━━━━━ PROVIDED RECORDS ━━━━━

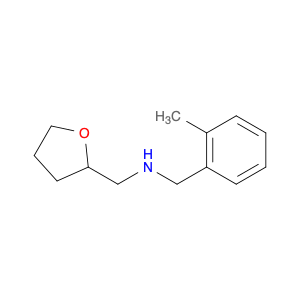 (2-METHYL-BENZYL)-(TETRAHYDRO-FURAN-2-YLMETHYL)-AMINE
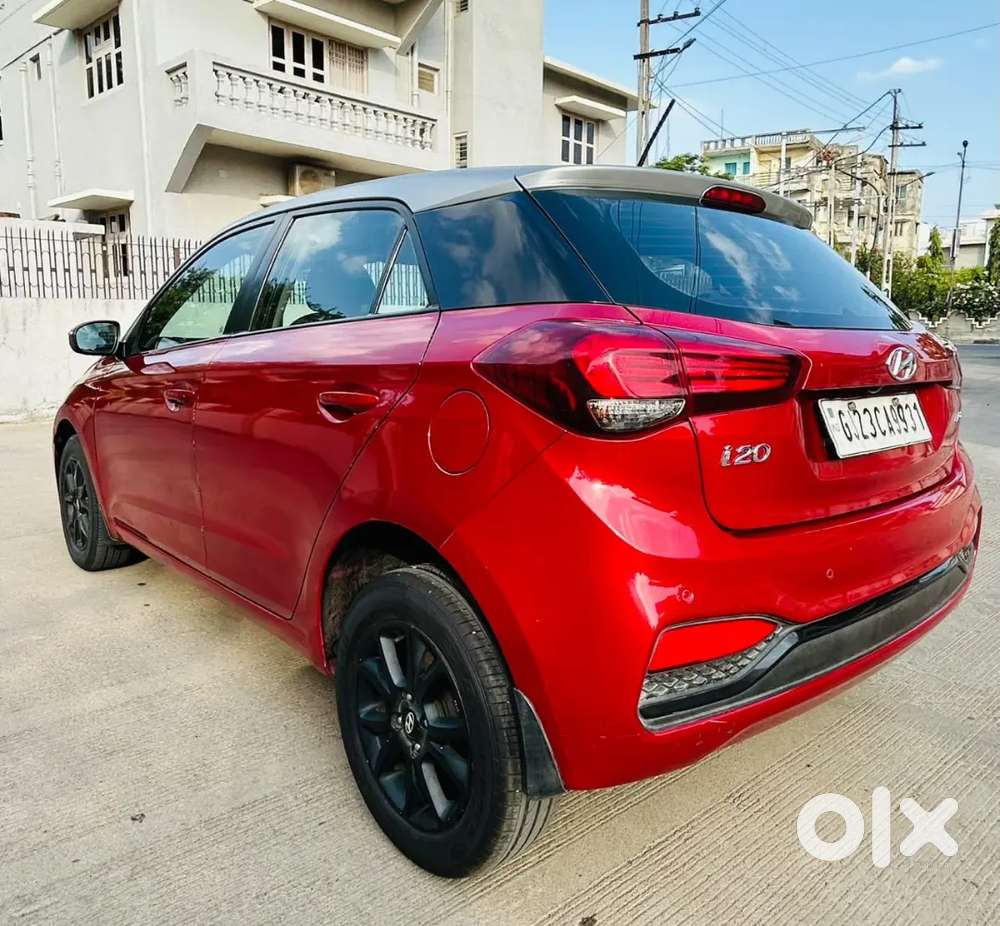 Hyundai Elite I20 2018 Diesel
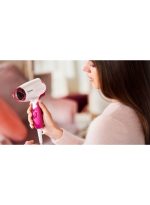 فيليبس مجفف الشعر دراي كير الأساسي BHD003/03 وردي/أبيض وردي/أبيض - Image 9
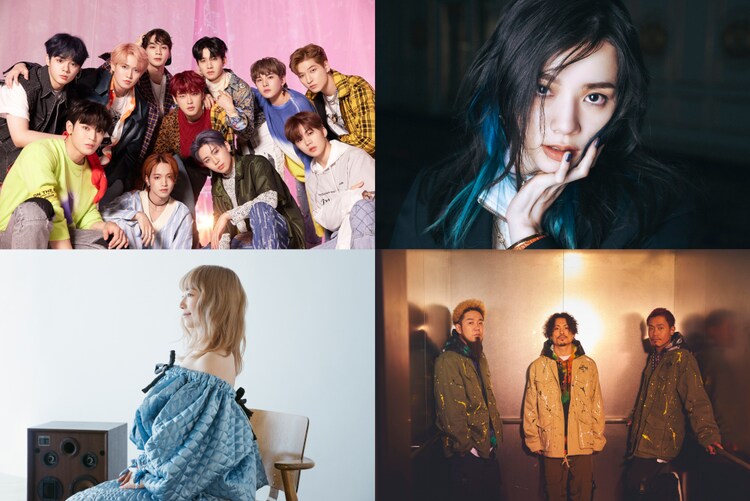 Cdtvライブ ライブ にyuki初登場 Jo1 Milet Wanimaも 音楽ナタリー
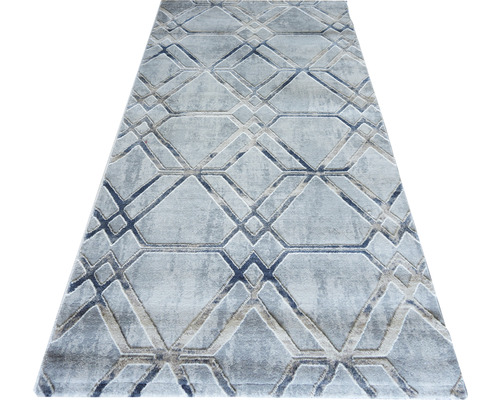 Covor cu model geometric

━━━━━

* AIM OF THE EXERCISE
Omit the pictures; restate every entry word for word.

* OUTPUT
 (2-METHYL-BENZYL)-(TETRAHYDRO-FURAN-2-YLMETHYL)-AMINE
 Hyundai Elite I20 2018 Diesel
 فيليبس مجفف الشعر دراي كير الأساسي BHD003/03 وردي/أبيض وردي/أبيض - Image 9
 Cdtvライブ ライブ にyuki初登場 Jo1 Milet Wanimaも 音楽ナタリー
 Covor cu model geometric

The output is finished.